Le problème est que les participants doivent s'inscrire eux-mêmes à ces séances. À l'heure actuelle, lorsque les personnes passent au guichet de l'immigration à l'aéroport, on leur présente le service et on les invite à consulter le site Web pour s'y inscrire.
Auparavant, c'était l'agent d'immigration qui inscrivait les nouveaux arrivants à ces séances. On disait donc aux personnes immigrantes, ce qui inclurait aujourd'hui les personnes parrainées, de se présenter tel jour à tel organisme pour la séance d'information « Premières démarches d'installation » et tel autre jour de la semaine suivante à la séance « Objectif Intégration — Pour comprendre le monde du travail québécois », une formation d'une durée de 24 heures.
Si l'on procédait de cette façon, les nouveaux immigrants seraient mis en contact avec des services communautaires et ils pourraient même développer entre eux un réseau d'entraide.
Il ne faut donc pas se contenter de donner l'information aux niveaux immigrants, mais également les inscrire auprès des ressources. Lorsqu'on vient d'arriver, qu'on retrouve un membre de la famille, il y a tant de nouvelles choses à se dire et à faire qu'on oublie de s'inscrire. On considère que ce n'est pas important et on se fie au conjoint ou à la famille pour nous guider à notre arrivée.
[Traduction]
D'après les deux séances que nous avons eues, nous sommes unanimes sur ces deux points, donc on peut considérer notre rapport écrit.
Pour le temps qu'il nous reste, j'aimerais vous interroger sur une proposition plus positive qui a été faite, qui me semble une excellente idée.
L'un des grands problèmes des mères victimes de violence, c'est que si elles fuient leur relation, elles risquent d'être déportées, à moins d'interjeter appel. Le processus d'appel peut prendre un an, deux ans, parfois plus, et dans l'intervalle, elles se trouvent en situation très précaire. Ne serait-il pas avisé, dans ce contexte, d'accélérer le processus pour que les femmes touchées sachent beaucoup plus vite si elles pourront oui ou non rester au Canada avec leurs enfants?
:
Madame Molina, j'ai une question à vous poser. Je l'ai déjà posée aux bureaucrates lorsque nous les avons accueillis.

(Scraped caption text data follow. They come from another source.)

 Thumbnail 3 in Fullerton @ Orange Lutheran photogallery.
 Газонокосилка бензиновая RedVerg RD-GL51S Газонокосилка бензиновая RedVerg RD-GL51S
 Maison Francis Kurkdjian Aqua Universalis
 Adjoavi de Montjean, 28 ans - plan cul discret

La situation est la suivante, et elle n'est pas hypothétique: l'homme prétend s'être fait frauder. Sa femme l'a quitté et elle le fraudait. La femme affirme que c'est faux, qu'elle était victime de violence physique et psychologique.

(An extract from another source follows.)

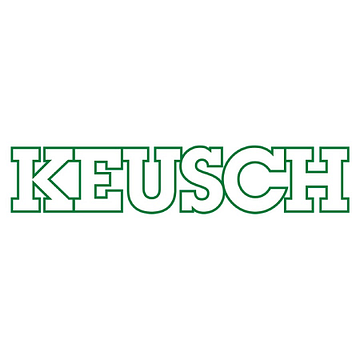 Keusch I Das Autohaus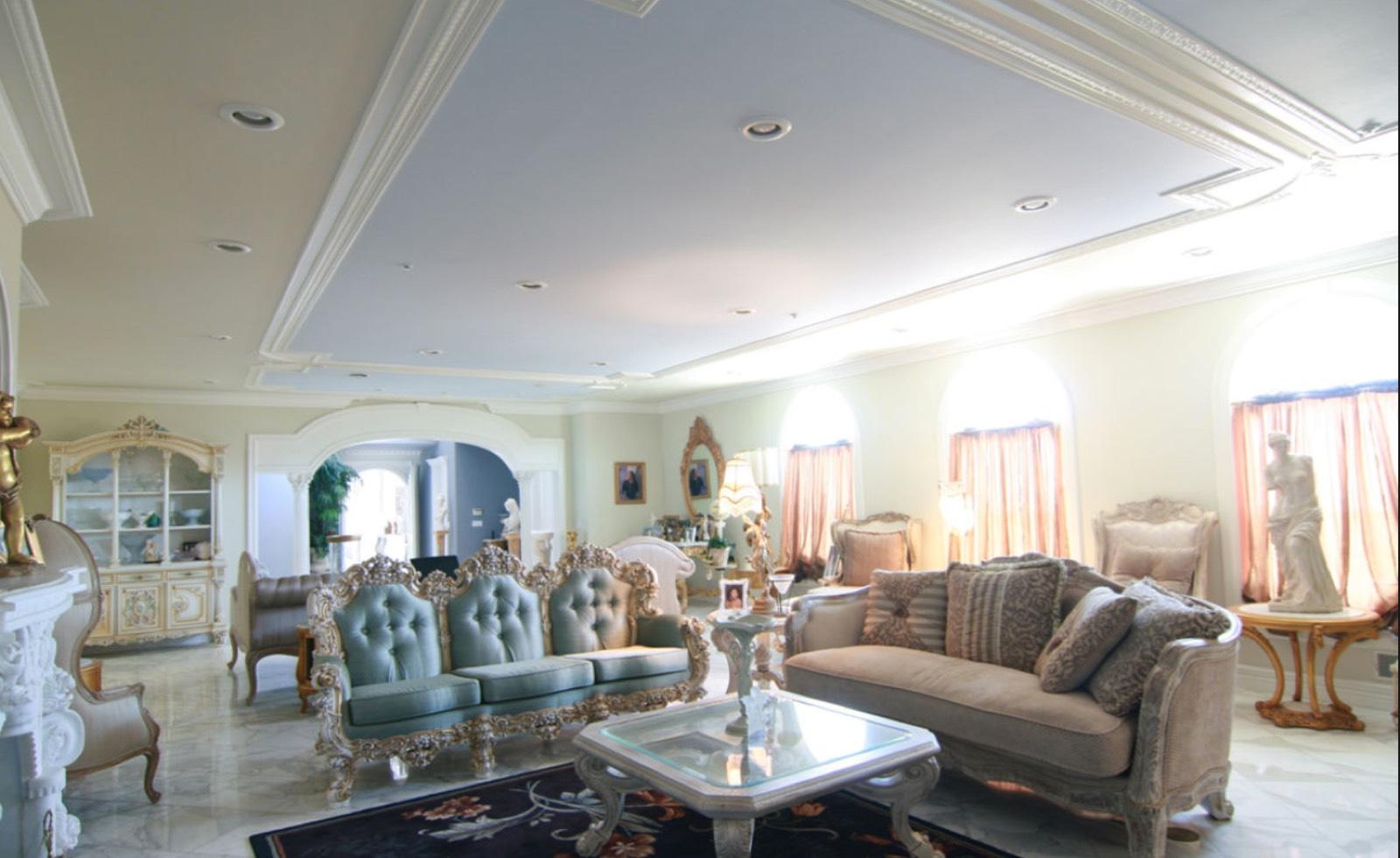Camarillo Mansion — photo 10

Il y a là trois éléments différents. Il peut y avoir poursuite criminelle en cas de violence physique. Il s'agit alors d'une agression, qui doit être prouvée hors de tout doute raisonnable. Il y a ensuite le tribunal de juridiction matrimoniale. Je n'ai aucune idée de ce qui est écrit dans le Code civil, mais je présume que c'est un peu comme en Ontario, c'est-à-dire qu'il faut établir, selon la prépondérance des probabilités, qui dit la vérité. Il y a ensuite la question de l'immigration, qui ne relèverait même pas d'une décision judiciaire, d'après ce que je comprends. Il revient alors à une autorité administrative de décider qui dit la vérité, ce serait une décision administrative.
Y voyez-vous un problème? J'y vois un étrange conflit juridique.
Les décisions pourraient même diverger. Une entité pourrait déterminer que c'est le mari qui dit la vérité, alors que l'autre déterminerait que c'est la femme qui dit la vérité.